Have you noticed how many “sportswriters” are ending up on-camera at ESPN? There’s a huge lesson in this for all media talent, no matter whether you come from television, radio, or print.
If you’re media talent and you feel like the number of available jobs is shrinking mightily, sadly, you’re right. Jobs are declining in electronic media and in print. A simple logic exercise: if demand for content is increasing (and it is) and the number of people being employed in content creation is decreasing, is there a fundamental disconnect happening? The answer – shock! – is a blaringly loud YES! So, where’s the opportunity for you? Read on, friend.
Here’s what’s happening in print: just last week, four huge operators – Tribune, Gannett, and the newly merging Journal and E.W. Scripps – followed last year’s move by Rupert Murdoch, who split his print business from his electronic media business, forming two separate companies.

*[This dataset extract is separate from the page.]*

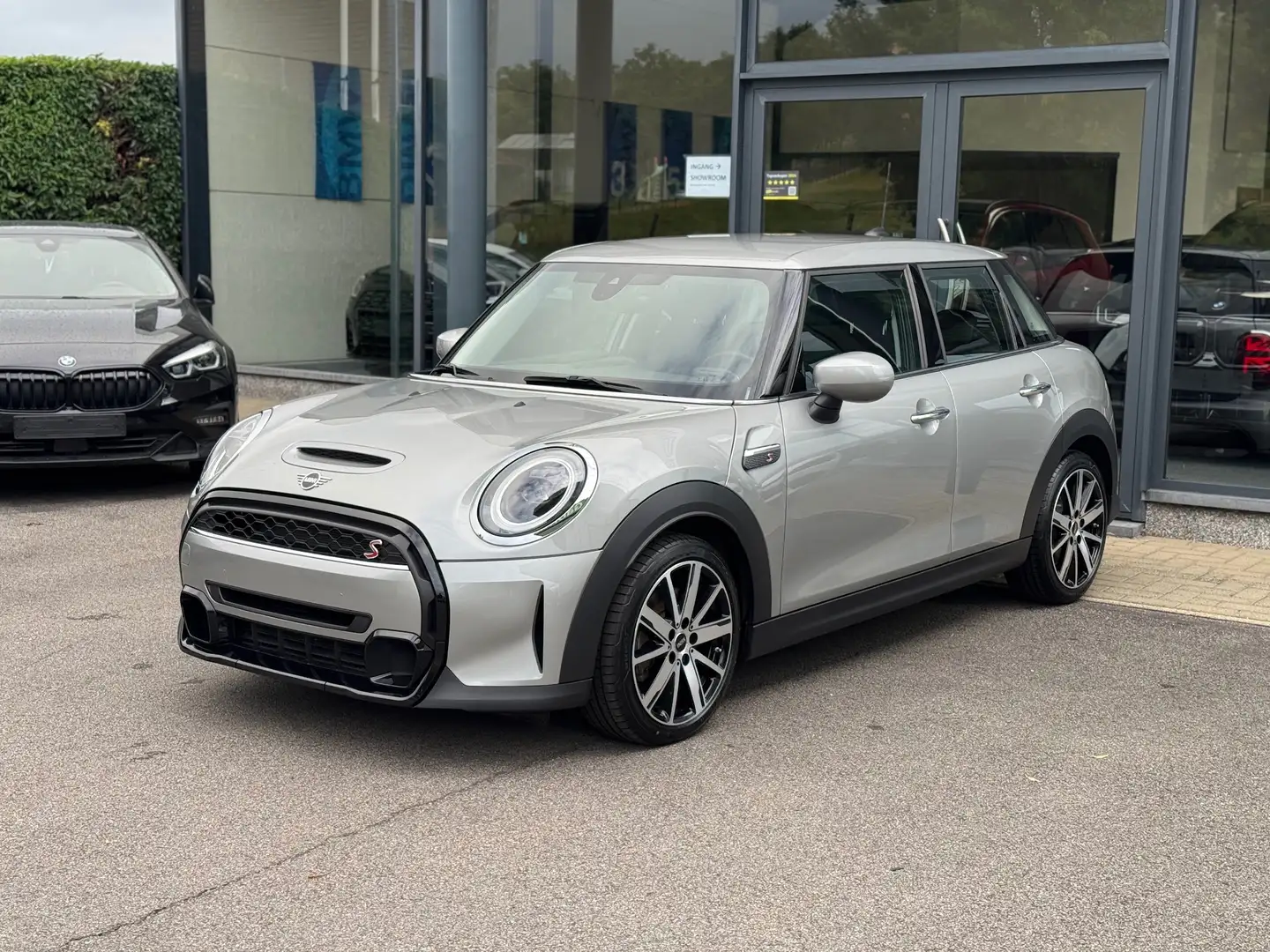 MINI Cooper S 5-deurs AUT. / CAM / LEER / NAVI / KEYL / CARPLAY Argent - 2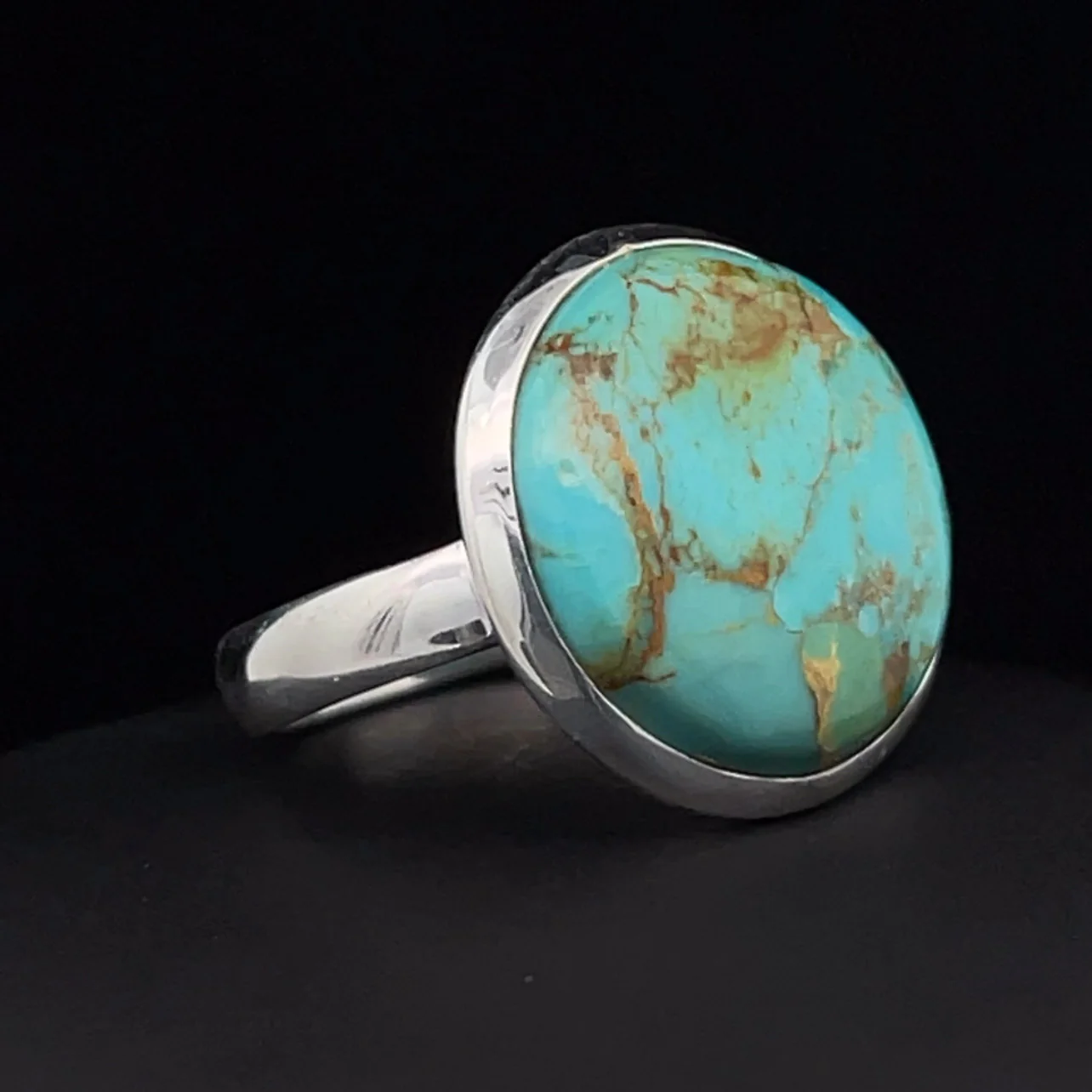 Sterling Silver Kingman Turquoise Ring Size 7 - Image 2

Yep, four of the biggest print publishers in these United States – all of which own television stations and half of which are also in the radio business (the other half used to be) – are separating their print talent from their on-camera and on-mic talent.
The logic: You take more valuable assets like TV and film and separate them from your rapidly shriveling former print empire. Your electronic media assets, no longer weighed down by the anchor that is print, are free to soar in value, with stock prices ascending toward the heavens. The print assets, meanwhile, are given a chance to sink or swim on their own merits without having to be judged alongside their stronger brethren. (Want to read a good analysis of this stuff? Here’s one.)
Of course, those companies have just walked away from a ton of exceptionally talented content creators, journalists, who are left to ponder their future in a “dying” industry that isn’t dying at all. It’s just changing.
The future of media and entertainment is heading in exactly the opposite direction from the one the large print powerhouses have chosen. The era of media convergence is quickly arriving. (Last week, I talked about the solution the course they should be taking, but aren’t.)
Here’s a quick reset on what media convergence means. When you distill content down to its essence, you have three types of the stuff:
- Audiovisual content: That’s content with video and audio, including feature films, television, YouTube videos, etc.
- Audio-only content: That’s radio content – both talk radio and music-oriented radio – but it’s also music and most podcasts.
- Print content: Newspapers, magazines, books, and any other medium featuring the written word and photographs.
While media behemoths are separating themselves into smaller, Balkanized units, in the real world, the many different types of media are coming together into one giant blob that we’ll call…media. As media convergence becomes a reality, all types of media outlets are beginning to make content that fits all three of these categories. The New York Times is making documentary films. Radio stations are creating editorial content and making audiovisual content. Television stations? Natch.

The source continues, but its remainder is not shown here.